Metals Continue to Struggle

Nihar is a member of The Motley Fool Blog Network -- entries represent the personal opinion of the blogger and are not formally edited.

Metals such as copper and aluminum continue to struggle and even investment commodities like gold are not doing too well. Digging stuff up from the earth was a far better business a decade ago than it is now. However, keep in mind that 2013 is far better than 2009 was.

Consider how the market has been making new highs the last few years and then look at some of the top mining companies like Freeport-McMoRan Copper & Gold (NYSE: FCX) or Alcoa (NYSE: AA) and see how disappointing they have been. Freeport is down almost 10% over the last three years. I expected raw materials to start bouncing back, but it seems that it will take some time.

Freeport hatred

There are plenty of people unhappy with Freeport’s entry into the oil and gas market with its massive acquisition. I do not see the diversity as a bad thing. Oil and gas are currently doing better than metals. The last earnings call was prior to the acquisition closing. The deal is done now, but there has not been an earnings release subsequent to the acquisition.

There are a few things that I see as beneficial to the whole company from the acquisition. I don’t think the geographic diversity is something that should be discounted. Freeport and Indonesia fall in the same sentence nonstop, but the oil and gas assets are in the United States. Freeport is a foreign company in Indonesia and there are complex issues stemming from the indigenous population and environmental issues.
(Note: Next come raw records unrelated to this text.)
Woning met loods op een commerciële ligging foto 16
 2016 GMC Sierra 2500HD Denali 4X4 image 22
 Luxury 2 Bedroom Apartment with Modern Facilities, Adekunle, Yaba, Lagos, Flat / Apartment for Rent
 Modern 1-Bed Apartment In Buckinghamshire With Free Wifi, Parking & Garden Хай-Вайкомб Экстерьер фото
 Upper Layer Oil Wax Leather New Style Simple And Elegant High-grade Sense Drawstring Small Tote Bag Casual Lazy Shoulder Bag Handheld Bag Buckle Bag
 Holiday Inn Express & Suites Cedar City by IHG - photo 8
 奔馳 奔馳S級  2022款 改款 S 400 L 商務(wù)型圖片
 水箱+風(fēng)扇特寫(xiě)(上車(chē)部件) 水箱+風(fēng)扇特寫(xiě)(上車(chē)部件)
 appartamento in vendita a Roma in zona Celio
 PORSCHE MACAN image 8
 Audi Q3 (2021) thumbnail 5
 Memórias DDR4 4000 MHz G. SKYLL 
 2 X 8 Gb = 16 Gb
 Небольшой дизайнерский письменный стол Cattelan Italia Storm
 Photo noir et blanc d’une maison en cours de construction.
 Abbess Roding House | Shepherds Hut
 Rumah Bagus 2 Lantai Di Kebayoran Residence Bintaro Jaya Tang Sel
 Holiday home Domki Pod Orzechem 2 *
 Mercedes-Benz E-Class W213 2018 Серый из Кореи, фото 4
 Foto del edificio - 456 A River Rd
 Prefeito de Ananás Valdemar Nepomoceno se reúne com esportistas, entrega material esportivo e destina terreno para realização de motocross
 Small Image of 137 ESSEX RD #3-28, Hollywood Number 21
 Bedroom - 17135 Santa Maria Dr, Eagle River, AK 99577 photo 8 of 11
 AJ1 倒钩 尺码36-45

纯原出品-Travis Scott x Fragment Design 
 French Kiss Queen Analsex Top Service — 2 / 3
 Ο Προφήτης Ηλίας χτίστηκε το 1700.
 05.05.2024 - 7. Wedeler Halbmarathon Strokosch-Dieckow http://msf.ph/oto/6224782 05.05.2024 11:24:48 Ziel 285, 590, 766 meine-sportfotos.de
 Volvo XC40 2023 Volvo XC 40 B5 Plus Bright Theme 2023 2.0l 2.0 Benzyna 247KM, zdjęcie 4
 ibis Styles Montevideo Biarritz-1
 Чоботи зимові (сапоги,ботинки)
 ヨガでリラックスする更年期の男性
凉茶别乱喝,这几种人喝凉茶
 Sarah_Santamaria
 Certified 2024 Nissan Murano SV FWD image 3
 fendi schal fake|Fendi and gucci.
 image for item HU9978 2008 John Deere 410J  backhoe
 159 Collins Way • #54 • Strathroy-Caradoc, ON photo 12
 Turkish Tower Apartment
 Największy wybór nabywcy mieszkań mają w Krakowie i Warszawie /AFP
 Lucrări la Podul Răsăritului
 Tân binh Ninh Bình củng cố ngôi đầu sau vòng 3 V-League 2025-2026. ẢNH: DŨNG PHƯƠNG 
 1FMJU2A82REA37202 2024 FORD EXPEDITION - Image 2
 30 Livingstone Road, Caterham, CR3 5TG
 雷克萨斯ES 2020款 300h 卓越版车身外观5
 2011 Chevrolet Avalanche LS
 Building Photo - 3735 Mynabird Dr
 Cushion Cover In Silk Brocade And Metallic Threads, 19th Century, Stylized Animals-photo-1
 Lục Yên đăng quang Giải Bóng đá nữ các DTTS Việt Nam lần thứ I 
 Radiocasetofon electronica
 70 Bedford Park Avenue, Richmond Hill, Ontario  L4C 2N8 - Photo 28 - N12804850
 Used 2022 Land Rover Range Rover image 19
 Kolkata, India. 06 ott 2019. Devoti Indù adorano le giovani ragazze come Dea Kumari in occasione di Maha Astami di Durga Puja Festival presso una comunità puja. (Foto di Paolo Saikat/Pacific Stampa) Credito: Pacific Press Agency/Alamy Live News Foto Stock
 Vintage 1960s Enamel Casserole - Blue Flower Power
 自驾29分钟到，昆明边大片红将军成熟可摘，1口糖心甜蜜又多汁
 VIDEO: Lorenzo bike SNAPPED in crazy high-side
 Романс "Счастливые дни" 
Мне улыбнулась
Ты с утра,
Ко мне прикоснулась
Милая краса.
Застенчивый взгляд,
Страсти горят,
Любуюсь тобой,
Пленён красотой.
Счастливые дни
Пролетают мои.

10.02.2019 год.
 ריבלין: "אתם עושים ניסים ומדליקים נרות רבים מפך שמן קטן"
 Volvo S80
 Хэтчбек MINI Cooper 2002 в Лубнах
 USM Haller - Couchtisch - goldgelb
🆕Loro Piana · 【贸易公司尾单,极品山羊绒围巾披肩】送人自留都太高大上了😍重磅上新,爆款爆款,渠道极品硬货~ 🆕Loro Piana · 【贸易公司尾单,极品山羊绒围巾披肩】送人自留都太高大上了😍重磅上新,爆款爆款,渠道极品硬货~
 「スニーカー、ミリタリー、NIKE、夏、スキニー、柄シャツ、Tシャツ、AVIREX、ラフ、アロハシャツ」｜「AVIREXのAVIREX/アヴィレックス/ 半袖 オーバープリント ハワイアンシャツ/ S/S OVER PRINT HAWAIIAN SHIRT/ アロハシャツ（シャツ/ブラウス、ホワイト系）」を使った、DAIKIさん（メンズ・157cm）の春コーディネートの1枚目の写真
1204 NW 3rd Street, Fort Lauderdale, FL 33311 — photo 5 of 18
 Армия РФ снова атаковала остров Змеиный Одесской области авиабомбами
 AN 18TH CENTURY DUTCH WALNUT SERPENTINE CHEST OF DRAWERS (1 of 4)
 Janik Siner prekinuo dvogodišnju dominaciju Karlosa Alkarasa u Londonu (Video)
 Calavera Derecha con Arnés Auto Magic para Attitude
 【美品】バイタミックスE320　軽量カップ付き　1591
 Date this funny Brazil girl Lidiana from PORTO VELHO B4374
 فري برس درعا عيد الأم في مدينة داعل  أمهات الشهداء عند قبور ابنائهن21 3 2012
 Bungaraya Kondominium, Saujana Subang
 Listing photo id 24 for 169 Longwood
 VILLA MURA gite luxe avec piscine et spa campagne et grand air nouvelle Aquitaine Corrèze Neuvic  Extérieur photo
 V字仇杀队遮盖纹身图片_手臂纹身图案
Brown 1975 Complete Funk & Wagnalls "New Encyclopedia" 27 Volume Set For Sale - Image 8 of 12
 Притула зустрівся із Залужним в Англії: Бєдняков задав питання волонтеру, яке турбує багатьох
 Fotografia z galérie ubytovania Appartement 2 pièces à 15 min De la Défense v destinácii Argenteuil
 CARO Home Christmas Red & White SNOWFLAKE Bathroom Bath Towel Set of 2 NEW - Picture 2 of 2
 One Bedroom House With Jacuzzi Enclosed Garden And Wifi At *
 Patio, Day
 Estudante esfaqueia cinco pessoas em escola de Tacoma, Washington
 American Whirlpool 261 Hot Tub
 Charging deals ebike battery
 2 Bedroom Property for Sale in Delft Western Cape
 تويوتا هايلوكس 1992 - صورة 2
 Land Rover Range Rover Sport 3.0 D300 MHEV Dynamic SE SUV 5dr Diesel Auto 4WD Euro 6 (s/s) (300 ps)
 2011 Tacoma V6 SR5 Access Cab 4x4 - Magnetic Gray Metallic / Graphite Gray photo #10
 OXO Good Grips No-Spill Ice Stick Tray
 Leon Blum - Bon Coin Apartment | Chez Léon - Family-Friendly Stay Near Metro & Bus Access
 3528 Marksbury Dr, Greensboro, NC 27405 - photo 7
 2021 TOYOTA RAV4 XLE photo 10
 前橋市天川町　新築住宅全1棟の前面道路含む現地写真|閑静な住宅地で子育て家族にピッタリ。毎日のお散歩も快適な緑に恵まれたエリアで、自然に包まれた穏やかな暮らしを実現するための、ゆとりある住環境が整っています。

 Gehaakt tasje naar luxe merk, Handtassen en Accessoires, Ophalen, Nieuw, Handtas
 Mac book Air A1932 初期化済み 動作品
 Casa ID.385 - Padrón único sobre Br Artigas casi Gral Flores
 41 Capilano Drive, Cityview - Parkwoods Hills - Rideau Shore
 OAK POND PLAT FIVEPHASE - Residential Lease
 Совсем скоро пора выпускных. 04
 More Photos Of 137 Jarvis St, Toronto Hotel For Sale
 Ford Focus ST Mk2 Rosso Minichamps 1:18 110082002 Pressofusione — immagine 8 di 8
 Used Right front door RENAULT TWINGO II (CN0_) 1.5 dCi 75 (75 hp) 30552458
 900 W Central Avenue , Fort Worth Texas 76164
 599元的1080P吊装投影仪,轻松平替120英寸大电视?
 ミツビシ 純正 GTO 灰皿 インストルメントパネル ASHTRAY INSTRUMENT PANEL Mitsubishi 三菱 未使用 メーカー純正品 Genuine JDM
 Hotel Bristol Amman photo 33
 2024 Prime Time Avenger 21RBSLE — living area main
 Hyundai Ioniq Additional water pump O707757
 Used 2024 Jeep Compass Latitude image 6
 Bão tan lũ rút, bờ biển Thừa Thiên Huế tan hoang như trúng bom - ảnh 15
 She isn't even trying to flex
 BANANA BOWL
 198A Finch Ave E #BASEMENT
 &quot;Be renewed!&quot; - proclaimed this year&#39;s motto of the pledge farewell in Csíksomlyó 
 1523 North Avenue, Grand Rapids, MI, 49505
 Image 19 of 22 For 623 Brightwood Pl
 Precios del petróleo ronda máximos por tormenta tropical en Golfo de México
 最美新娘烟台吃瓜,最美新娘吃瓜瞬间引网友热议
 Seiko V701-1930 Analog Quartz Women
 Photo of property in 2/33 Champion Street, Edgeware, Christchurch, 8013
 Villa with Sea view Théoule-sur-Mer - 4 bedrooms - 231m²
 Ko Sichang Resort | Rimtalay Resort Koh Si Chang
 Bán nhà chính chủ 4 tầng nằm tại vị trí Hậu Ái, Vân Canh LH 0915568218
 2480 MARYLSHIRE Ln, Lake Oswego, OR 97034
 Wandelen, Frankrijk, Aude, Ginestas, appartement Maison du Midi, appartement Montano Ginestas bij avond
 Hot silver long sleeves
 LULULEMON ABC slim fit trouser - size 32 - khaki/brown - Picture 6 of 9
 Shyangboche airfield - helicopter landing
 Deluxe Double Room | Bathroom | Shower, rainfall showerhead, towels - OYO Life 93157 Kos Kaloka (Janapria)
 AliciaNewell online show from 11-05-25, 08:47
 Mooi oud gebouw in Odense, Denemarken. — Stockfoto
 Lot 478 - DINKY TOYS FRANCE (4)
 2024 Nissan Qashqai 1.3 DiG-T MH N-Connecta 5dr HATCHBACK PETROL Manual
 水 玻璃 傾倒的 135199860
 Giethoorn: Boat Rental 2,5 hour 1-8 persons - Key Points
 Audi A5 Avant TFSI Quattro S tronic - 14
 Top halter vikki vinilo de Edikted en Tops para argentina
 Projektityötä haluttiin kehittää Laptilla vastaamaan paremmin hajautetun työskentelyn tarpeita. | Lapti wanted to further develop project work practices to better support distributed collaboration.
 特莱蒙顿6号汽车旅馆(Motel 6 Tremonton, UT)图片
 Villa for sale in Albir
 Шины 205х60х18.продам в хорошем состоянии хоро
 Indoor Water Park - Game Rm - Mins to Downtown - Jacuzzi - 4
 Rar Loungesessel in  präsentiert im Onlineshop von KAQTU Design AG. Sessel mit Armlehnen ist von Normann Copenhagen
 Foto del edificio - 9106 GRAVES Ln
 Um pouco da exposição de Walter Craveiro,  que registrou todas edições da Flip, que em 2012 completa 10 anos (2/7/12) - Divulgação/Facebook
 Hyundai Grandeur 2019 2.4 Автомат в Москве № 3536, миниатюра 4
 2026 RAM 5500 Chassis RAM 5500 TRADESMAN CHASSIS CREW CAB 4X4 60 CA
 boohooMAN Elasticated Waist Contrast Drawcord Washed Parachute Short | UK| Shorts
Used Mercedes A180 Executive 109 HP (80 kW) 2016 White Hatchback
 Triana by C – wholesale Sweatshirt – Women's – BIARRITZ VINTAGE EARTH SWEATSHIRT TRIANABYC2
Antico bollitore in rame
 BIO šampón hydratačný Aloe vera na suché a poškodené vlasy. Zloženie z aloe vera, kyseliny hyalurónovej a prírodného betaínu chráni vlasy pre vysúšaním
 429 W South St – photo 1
General commodity diversity is a good thing for the company, too. The recent Grasberg tunnel collapse frames this really well. It is Freeport’s key copper mine, and the closing of the mine along with a force majeure invocation has turned a plentiful of copper supply into a tight supply situation. Constrained supply might bump prices that could benefit some other copper producers, but since it is Freeport’s mine that is shut down, the volume of copper sold will shrink for the company. The probe into the causes of the tunnel collapse could take months, and each day Freeport is not mining 3 million pounds of copper.

The addition of oil and gas to the solid copper business, with a side of gold, makes me like Freeport better than Barrick Gold (NYSE: ABX). When I was looking into the gold mining term “all-in sustaining cash cost,” I discovered that the companies got to capitalize half the cost of developing a project in creating that number. That masks a lot of the cash costs for companies extracting gold, making the profit per ounce seem greater than it is. A developed project is not something I would really call much of an asset.

For a company like Barrick, there is no selling the mine to some other concern. Barrick would be the kind of company buying those mines and infusing cash to a smaller company. Barrick’s stock return speaks for itself, down over 50% in three years, but if you look at its cost per ounce and the current price of gold, you might think it is still a good deal.

Low hanging fruit is gone when it comes to gold. All these projects cost a lot to develop, and Barrick has to spend a lot of money to extract the ounces of gold. In those terms, its costs do not end up looking that great. If gold heads any lower, it could be extremely bad for the company, and I do not like the risk-reward for gold miners anymore. Freeport is about copper with gold as a byproduct.

The last thing to note for Freeport is that over 1 million shares were bought indirectly by an insider who is the CEO of Freeport-McMoRan Oil & Gas, not the parent Copper & Gold. That is a nice vote of confidence from someone heading up the more hated segment of the company, but do not rely too heavily on that. The amount is large enough to be worth noting.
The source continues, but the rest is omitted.